I'll probably clean it off now that I've told you about it.
shadow of a doubt
It is like in the horror films when the character is running and running to get away and turns back to look and see if enough distance has been gained. The running, this constant treadmill of activity is in itself good, and a solid, sensible plan is to keep moving. It is work coming in, and the pleasure in doing a job well. Friends who hold your hands to steady you as you run. It is feeling strength in the legs pumping under you, feeling again capable of getting away from it, away from it finally, away from it for good…and then you glance behind and trip over a tree root you didn't see.
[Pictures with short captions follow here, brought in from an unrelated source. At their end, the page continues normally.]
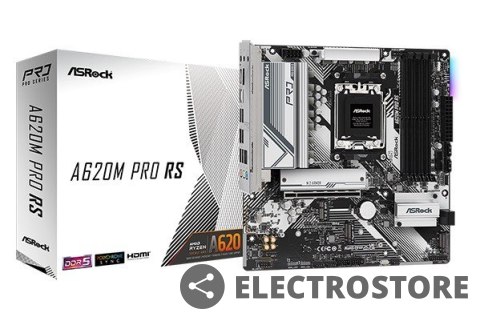 ASRock Płyta główna A620M PRO RS AM5 4DDR5 HDMI/DP M.2 mATX ASRock Płyta główna A620M PRO RS AM5 4DDR5 HDMI/DP M.2 mATX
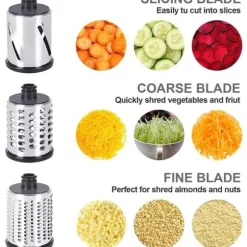 COFUN Tillbehör Köttkvarn och Grönsaksskärare för KitchenAid - Multifunktionell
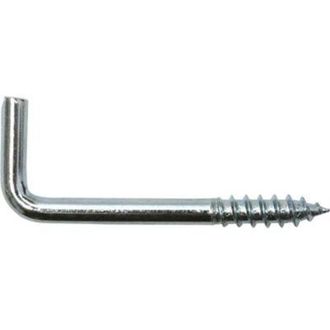 SWG Swg 23914180 - Ganci A Vite Dritti, 3,3 X 40/15, 40 Mm, In Acciaio Zincato, 6 Pezzi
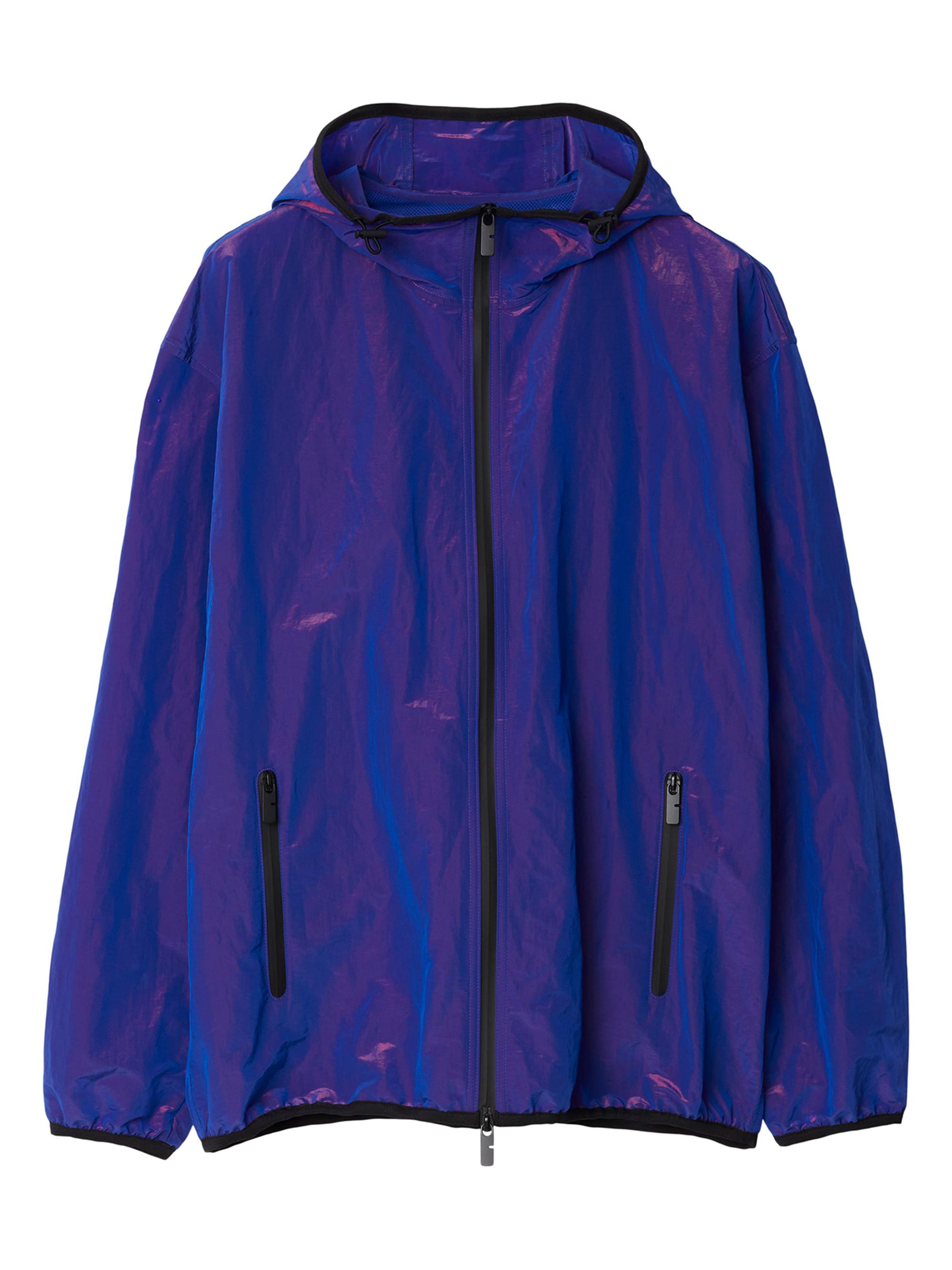 Burberry Men's Hooded Oversized Windbreaker Jacket - Volt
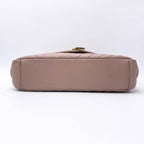 Saint Laurent Sheepskin Matelasse Chevron Monogram Large College Satchel Pink Leather Shoulder Bag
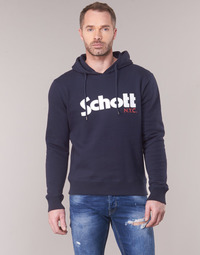 Textiel Heren Sweaters / Sweatshirts Schott HOOD Marine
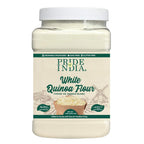 Pride of India- White Bolivian Quinoa Flour 1 lbs (454 gm) Nutty Earthy Taste Freshly Milled in Small Batches | Used for Baking Pizza Crust Thickening Agent Coating | Vegan, Gluten-Free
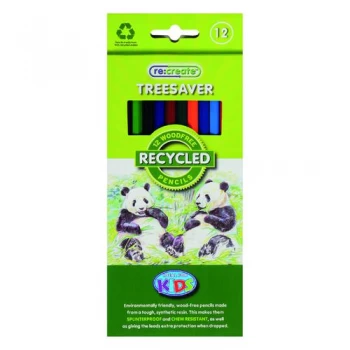 Image of ReCreate Treesaver Recycled Colouring Pencils Pack of 12 TREE12COL
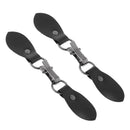 2 Set Black Metal & Leather Sewing Buckle for Bag Making Clothing Decoration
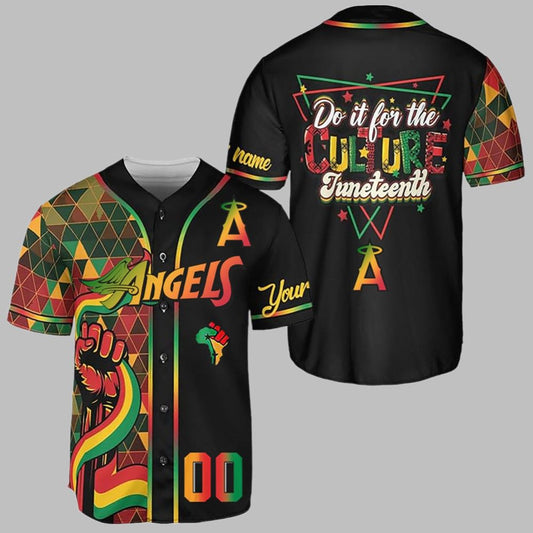 2025 LA Angels Juneteenth Day Jersey - Grishko.com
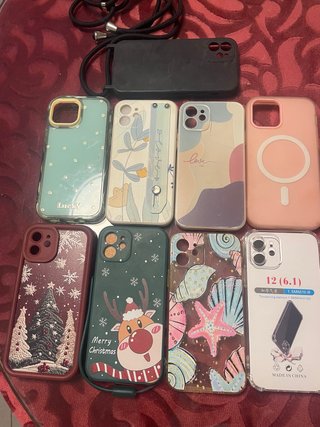 Lote de 9 Fundas para iPhone 12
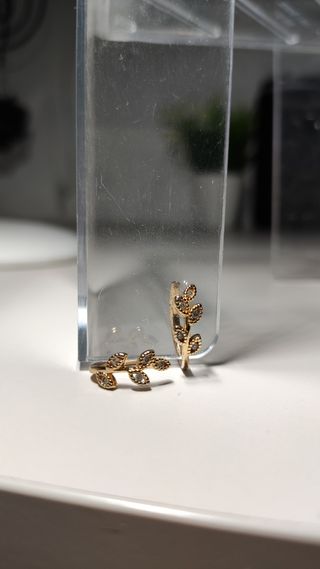 Pendientes Acero y Oro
And you are suddenly down, raw and scraped, knees bleeding, tears pouring out of your eyes because it hurts and because you forgot to see it coming. And the tree root angry in the ground, torn because you weren't watching. And while you sit there picking the dirt out of your bleeding hands it has caught you, enveloped you again. Did you really, really think you could get away? Did you think you could just pause for a second there, lean on a tree, catch your breath, and nothing would happen? Sometimes you are foolish and silly, and sometimes you are just plain stupid.
diamond scattering in the park
How going out at night made me feel like being a teenager again, though I did not have to crawl out the window but just walked down the hall, quietly closed the front door on the sleeping family inside, gently turned the key in the lock and then skipped down the stairs. How the night sparkled, with frost on the grass, and how beautiful it is to walk with headphones, so that everything seems faintly unreal, like a film or more likely a music video. So many people are asleep and the streets deserted, and then inside it is so alive that the walk through the silent park now seems impossible. How you kissed me in the taxi and it was sweet and I skipped back to the door just like I did 25 years ago, as if I would never be tired.